Phosphorylation of MGAD in Crude Synaptosomal
Membranes--
Phosphorylation of MGAD in P2M was carried
out as described previously for SGAD (17, 18). Briefly, 0.1 mM [ Purification of MGAD--
Purification of MGAD was conducted, as
described previously (21). In a typical experiment, a 25%
P2M homogenate was made in standard GAD buffer solution
containing 0.5% Triton X-100. The P2M suspension was
gently rotated at 4 °C for 1 h and then centrifuged at
100,000 × g for 1 h. The supernatant thus
obtained was the solubilized MGAD and was further purified through
conventional column chromatography consisting of an anion exchange
(DEAE-52), an adsorption (hydroxylapatite), and a gel filtration column
(Sephadex G-200).
Kinetic Studies--
Effect of ATP on the Km
and Vmax of synaptosomal MGAD was determined as
described previously for SGAD (22). Briefly, the Km
value was determined by using varying glutamate concentrations from 0.4 to 2 mM as described previously (22). The
Km values were obtained by a nonlinear least squares fit of the data to the Michaelis-Menten rate equation by use of Prism
by GraphPad Software, Inc.
ATP Activation of MGAD--
When SGAD and MGAD were assayed under
conditions favoring protein phosphorylation, e.g. in the
presence of ATP or protein phosphatase inhibitors, it was found that
SGAD was inhibited whereas MGAD was activated (Fig.
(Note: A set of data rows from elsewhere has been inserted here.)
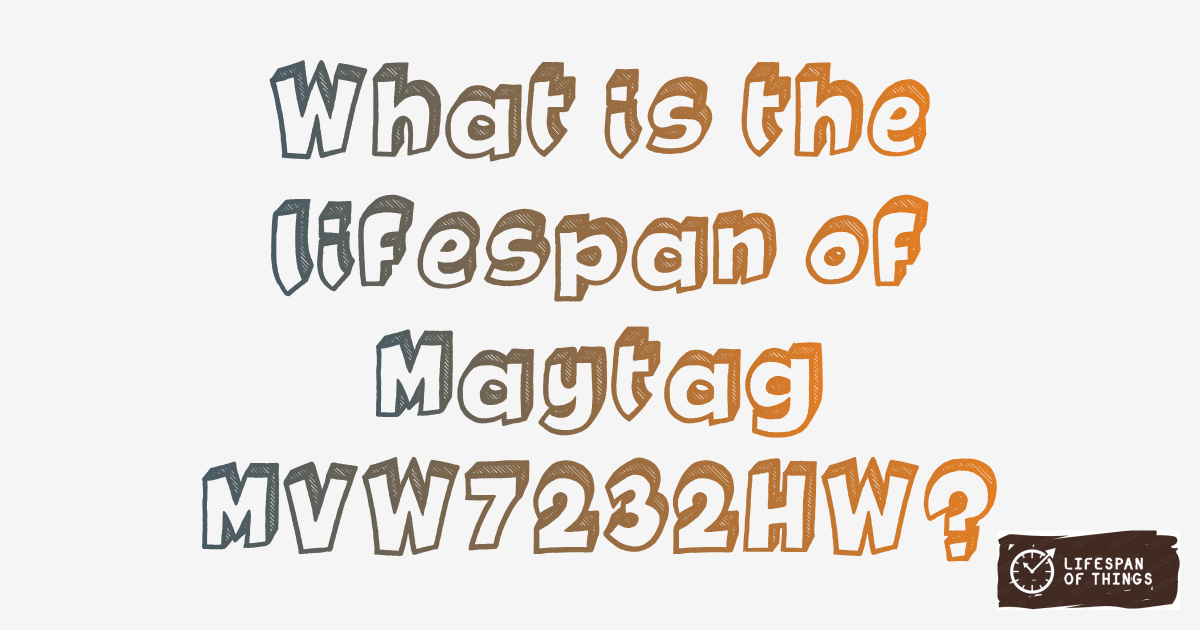 Lifespan of Maytag MVW7232HW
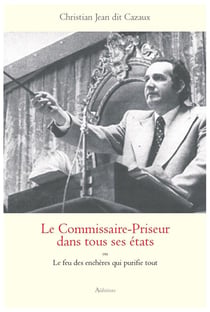 Le commissaire-priseur dans tous ses états ou le feu des enchères qui purifie tout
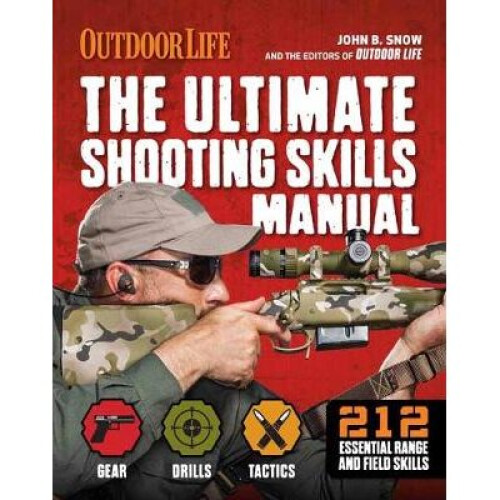 The Ultimate Shooting Skills Manual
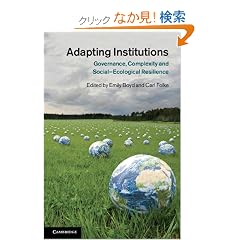 Adapting Institutions: Governance, Complexity and Social-Ecological Resilience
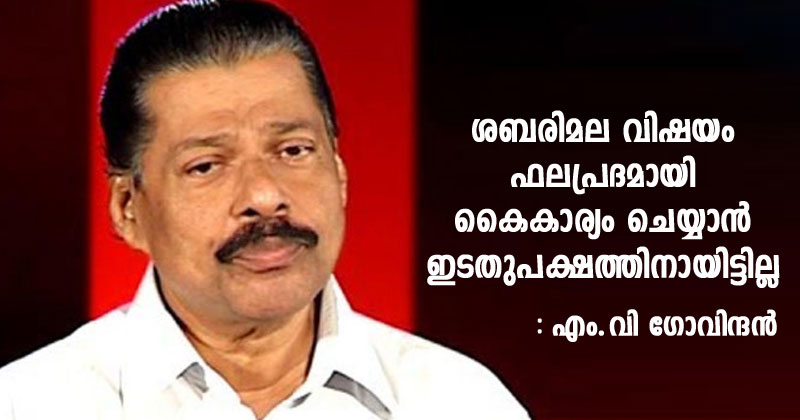 കേരളത്തിൽ ഇടതുപക്ഷത്തിന്‍റെയും സിപിഎമ്മി‍ന്‍റെയും പരാജയ കാരണം ശബരിമല വിഷയം കൂടിയാണ് : എം.വി ഗോവിന്ദൻ
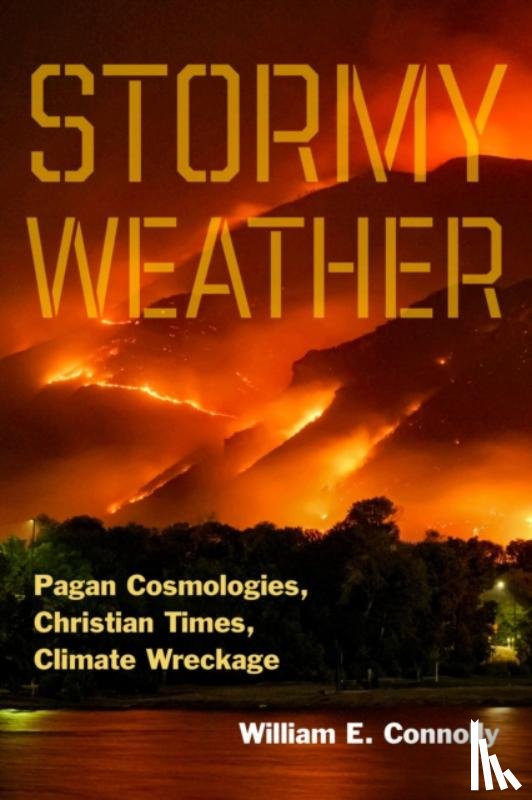 Connolly, William E. - Stormy Weather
1). In contrast to SGAD, MGAD activity was greatly enhanced by ATP, increasing by about 100% at 5 mM. Under the same conditions, SGAD activity was inhibited
by 40%, similar to our earlier findings (17). The presence of divalent cation chelators, 2 mM EDTA and 2 mM EGTA,
decreased SGAD activity but had no effect on the activity of MGAD,
suggesting a role for calcium on SGAD regulation but not in MGAD
regulation. Other phosphatase inhibitors, e.g. 0.2 mM vanadate, 2 mM sodium fluoride, and 0.2 mM sodium pyrophosphate, slightly enhanced MGAD activity
and significantly inhibited SGAD activity.
Dependence of ATP Activation of MGAD on Synaptic Vesicle Proton
Gradient--
To determine if the energy-dependent
synaptic vesicle proton gradient is involved in the activation of MGAD
by ATP, we examined the effect of ATP on MGAD activity under conditions
that disrupted the proton gradient. When the vesicular proton gradient
was abolished by protonophore uncoupler, CCCP (100 µM),
or ionophore, gramicidin (10 µM), the activation of MGAD
by ATP was found to disappear as shown in Fig.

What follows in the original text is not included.